Out of frustrations, he converted his shrine into a church. But it only attracted the faith of his wife, her three friends and their kids. He then tried a posho mill business but found his reputation sold better than his flour. Villagers were wary of trusting their tummies with an ingredient processed by a witchdoctor, even a failed one.

Only after a string of failures did he seem to have discovered his true calling: the business of being an elder.

I first saw him in a newspaper story as part of a faction of the Nchuri Ncheke that had reportedly endorsed a young and garrulous MP as the Meru community leader.  Then, I wasn’t very sure it was him.

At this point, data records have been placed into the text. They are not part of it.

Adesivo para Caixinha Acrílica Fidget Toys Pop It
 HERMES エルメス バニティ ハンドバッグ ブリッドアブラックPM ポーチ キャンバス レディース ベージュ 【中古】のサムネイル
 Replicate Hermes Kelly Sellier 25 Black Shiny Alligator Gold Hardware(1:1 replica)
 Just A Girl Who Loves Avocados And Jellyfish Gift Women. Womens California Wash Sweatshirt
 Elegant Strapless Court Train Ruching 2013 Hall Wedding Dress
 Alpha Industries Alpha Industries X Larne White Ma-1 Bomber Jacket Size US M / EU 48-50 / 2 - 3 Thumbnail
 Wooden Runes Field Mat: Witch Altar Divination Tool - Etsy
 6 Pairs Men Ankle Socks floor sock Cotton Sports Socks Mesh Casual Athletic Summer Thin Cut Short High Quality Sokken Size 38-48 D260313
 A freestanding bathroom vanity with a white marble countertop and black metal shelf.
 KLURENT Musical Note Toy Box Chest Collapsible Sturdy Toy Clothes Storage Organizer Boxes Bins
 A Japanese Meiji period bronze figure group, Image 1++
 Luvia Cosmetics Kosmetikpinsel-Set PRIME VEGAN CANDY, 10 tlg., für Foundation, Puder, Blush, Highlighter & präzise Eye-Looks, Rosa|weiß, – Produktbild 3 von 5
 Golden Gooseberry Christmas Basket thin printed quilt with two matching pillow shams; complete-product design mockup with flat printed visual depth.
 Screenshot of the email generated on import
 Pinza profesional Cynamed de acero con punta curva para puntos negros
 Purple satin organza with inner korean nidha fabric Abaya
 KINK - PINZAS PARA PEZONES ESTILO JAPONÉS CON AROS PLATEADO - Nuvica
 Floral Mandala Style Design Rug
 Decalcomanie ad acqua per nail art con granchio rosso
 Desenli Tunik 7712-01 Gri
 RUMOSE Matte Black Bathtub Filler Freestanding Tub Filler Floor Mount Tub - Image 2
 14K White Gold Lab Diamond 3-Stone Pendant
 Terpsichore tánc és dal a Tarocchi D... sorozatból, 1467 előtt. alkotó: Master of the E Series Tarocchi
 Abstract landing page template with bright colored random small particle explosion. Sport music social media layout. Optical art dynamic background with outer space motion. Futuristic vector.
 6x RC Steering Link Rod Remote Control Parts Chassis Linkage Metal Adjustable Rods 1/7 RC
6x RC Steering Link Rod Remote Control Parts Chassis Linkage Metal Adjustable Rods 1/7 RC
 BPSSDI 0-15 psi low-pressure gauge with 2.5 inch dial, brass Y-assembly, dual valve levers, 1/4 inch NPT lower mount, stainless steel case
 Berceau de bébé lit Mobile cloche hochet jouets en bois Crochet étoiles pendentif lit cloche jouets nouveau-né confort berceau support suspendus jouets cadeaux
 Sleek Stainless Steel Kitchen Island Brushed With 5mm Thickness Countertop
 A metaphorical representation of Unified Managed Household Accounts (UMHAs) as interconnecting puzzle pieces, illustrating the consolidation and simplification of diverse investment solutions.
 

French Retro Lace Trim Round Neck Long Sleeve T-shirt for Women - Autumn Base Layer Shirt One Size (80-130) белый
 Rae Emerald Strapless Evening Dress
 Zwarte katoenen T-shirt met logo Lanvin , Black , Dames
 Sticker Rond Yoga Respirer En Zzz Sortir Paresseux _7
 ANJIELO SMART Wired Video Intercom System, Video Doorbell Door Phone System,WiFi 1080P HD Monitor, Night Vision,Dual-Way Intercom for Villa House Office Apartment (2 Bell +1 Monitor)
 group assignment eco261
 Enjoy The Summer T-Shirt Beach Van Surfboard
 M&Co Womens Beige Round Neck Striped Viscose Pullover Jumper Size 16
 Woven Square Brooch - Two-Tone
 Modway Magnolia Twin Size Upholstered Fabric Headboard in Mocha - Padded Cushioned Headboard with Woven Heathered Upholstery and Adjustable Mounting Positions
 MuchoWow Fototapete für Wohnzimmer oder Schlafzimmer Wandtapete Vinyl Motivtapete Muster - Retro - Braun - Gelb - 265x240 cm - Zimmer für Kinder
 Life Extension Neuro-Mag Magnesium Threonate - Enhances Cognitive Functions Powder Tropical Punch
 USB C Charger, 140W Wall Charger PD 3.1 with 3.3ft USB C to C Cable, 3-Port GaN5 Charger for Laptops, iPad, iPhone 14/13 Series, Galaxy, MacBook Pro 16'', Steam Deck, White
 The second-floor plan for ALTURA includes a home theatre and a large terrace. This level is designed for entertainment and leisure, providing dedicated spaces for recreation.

His physique appeared to have morphed!

In our high school days, he was tall and almost thin. Years later, his girth had expanded in the signature width of a man who frequently interacts with meat and other indulgences of abundance. He was in a suit and a tie although the background suggested the picture had been shot in the middle of a forest.

I called a former schoolmate with my doubts. He confirmed that indeed it was Bagine. The comrade had more interesting titbits about him. En route to being an elder, Bagine had briefly served as the village circumciser. But unsteady hands wobbled by chang’aa and a reportedly cavalier approach to the otherwise delicate operation had resulted in a few ceremonies gone awry.

Frustrations opened his eyes to a vacuum in a career with nebulous qualifications and an amorphous job description. Even the recruiting panel, like its interview process, is a smoky hut mystery. And so is the tenure. Is being an elder, for instance, a lifetime calling? Do they ever retire to their homes rather than their graves?

In an election season, virtually every Kenyan community appears to have a robust council of elders. Some communities seem to have as many factions of elders as the political parties and rich candidates in their areas. The coups and counter-coups being waged within the councils make for riveting drama.

The rent-an-elder business is thriving. If you have enough political ambitions and the money to pursue it, it seems you can always assemble a supporting cast of men– they are always men – to incant some mumbo-jumbo hailing you as the chosen one. Contrary to the assumption that the elders’ club is the domain of grey heads, the membership door seems to have been flung open to even youthful pretenders.

Out of curiosity, I have tried to inquire among my friends, including some well-versed in traditions, how the so-called community elders are recruited and by whom. No one seems to have an idea. No one recalls seeing or hearing a call for application.

Yet we all have heard the so-called elders purporting to make important decisions on our behalf. Among these are those reportedly determining who will or will not vie in the next elections or which clan or tribe will take which leadership position.

There may be noble intentions behind some of the elders’ decisions. In counties hosting historical enemy clans and tribes forced to co-exist by modern political and administrative boundaries, negotiated democracy could be the difference between peace and sectarian bloodletting.

But we must always remember the road to hell is paved with good intentions. The elders’ decisions should ideally complement, and not replace, the universal suffrage and the ballot as the primary determinants of our choice of leaders.

A good starting place would be to make the process of choosing the elders more inclusive and transparent.